# ASSIGNMENT:
Set every entry down again exactly, excluding any pictures.

════════════════════

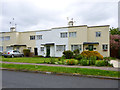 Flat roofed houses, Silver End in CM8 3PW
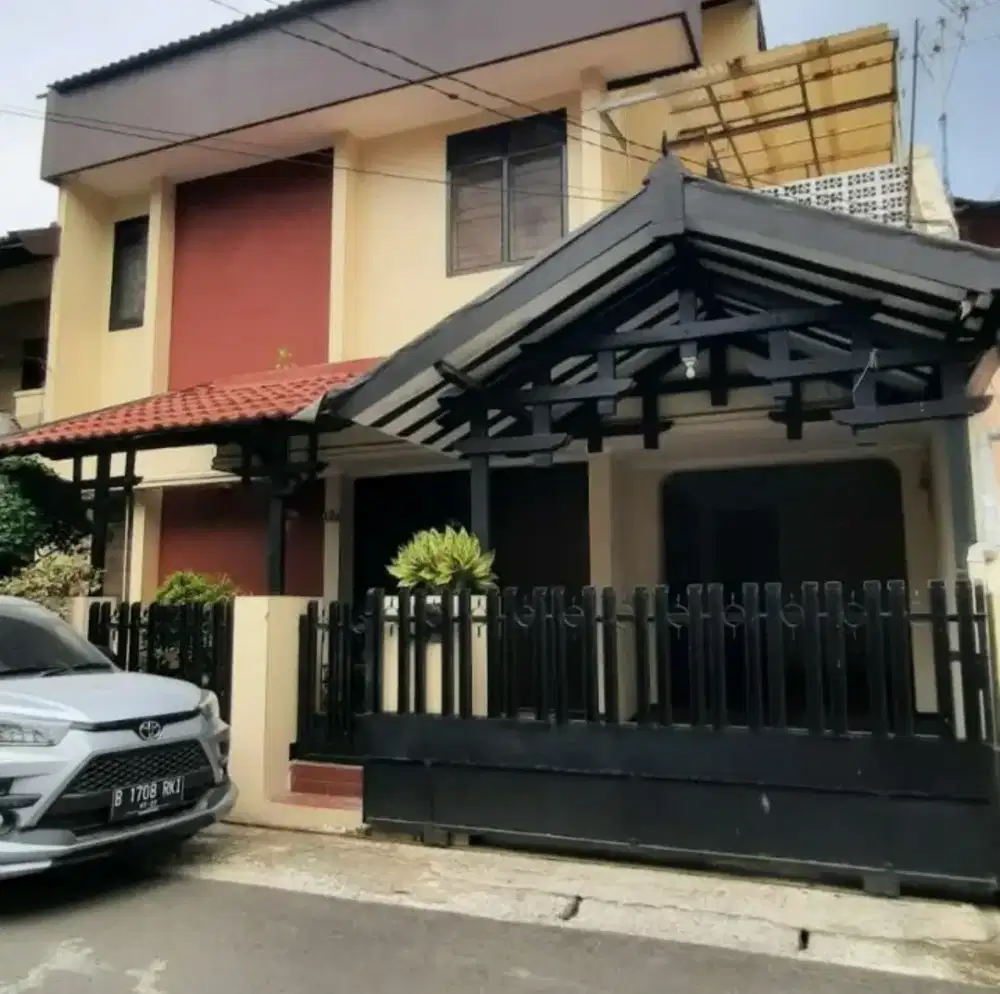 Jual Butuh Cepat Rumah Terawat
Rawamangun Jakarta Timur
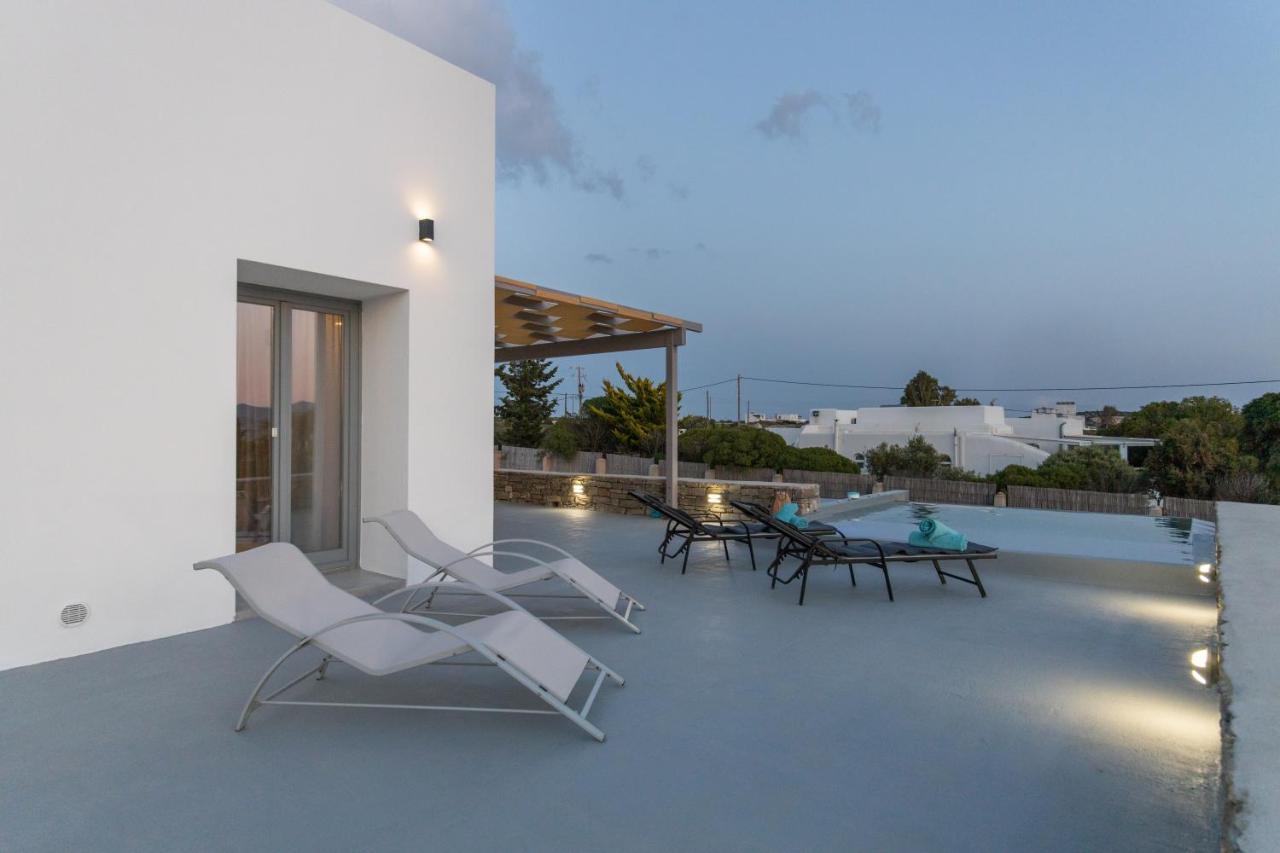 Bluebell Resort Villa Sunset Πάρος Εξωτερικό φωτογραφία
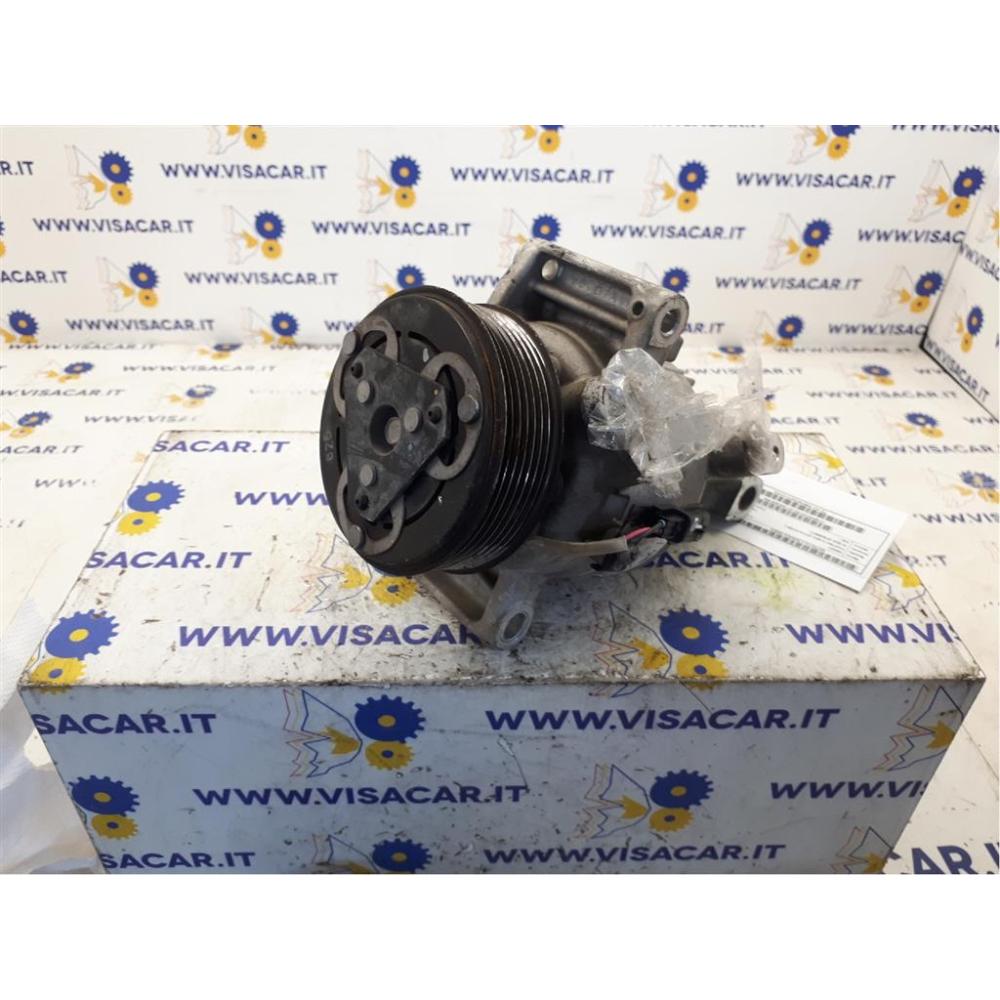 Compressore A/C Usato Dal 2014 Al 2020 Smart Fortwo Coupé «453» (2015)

════════════════════

# SOLVED PROBLEM:
 Flat roofed houses, Silver End in CM8 3PW
 Jual Butuh Cepat Rumah Terawat
Rawamangun Jakarta Timur
 Bluebell Resort Villa Sunset Πάρος Εξωτερικό φωτογραφία
 Compressore A/C Usato Dal 2014 Al 2020 Smart Fortwo Coupé «453» (2015)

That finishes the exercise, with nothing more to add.